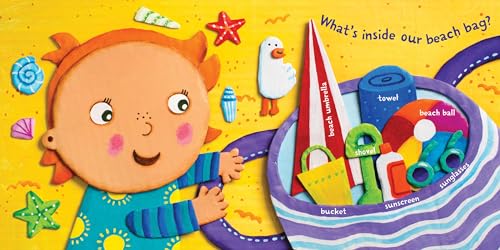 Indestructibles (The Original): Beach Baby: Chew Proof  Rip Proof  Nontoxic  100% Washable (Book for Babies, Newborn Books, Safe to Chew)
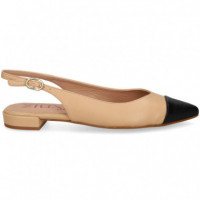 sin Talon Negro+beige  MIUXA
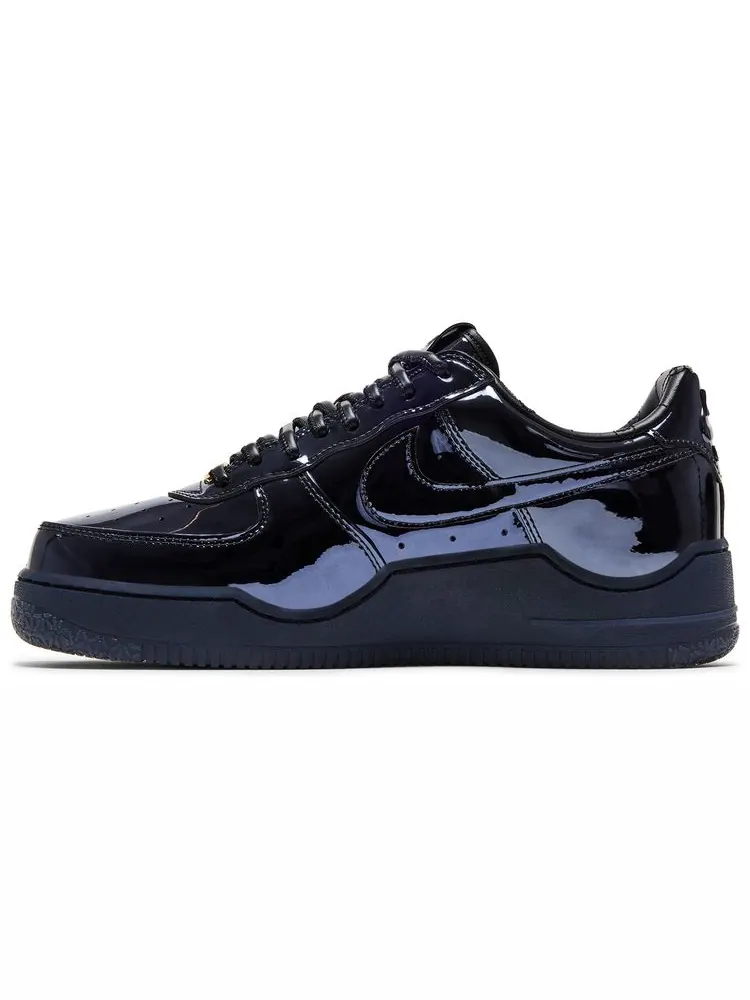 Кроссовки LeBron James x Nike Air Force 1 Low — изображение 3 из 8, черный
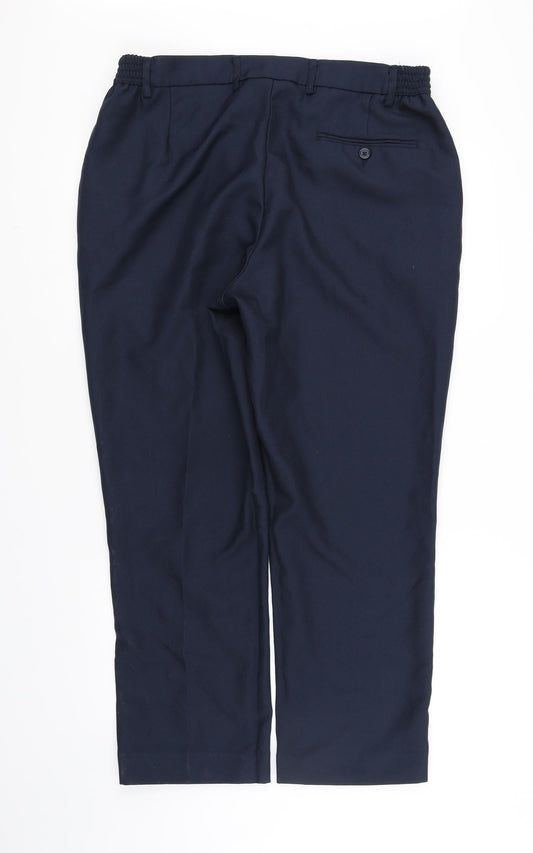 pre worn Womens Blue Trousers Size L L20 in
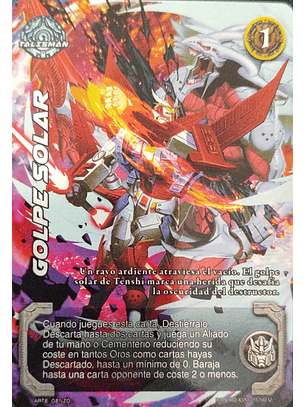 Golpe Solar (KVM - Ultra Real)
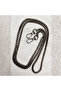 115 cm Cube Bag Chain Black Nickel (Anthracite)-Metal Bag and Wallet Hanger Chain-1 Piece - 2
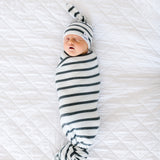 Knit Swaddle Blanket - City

__WORK TO BE COMPLETED__:
Working from the records above, reproduce exactly the lines from the one with "Golpe Solar (KVM - Ultra Real)" through the last line, without the pictures.

__OUTPUT FOR THIS TASK__:
 Golpe Solar (KVM - Ultra Real)
 115 cm Cube Bag Chain Black Nickel (Anthracite)-Metal Bag and Wallet Hanger Chain-1 Piece - 2
 Knit Swaddle Blanket - City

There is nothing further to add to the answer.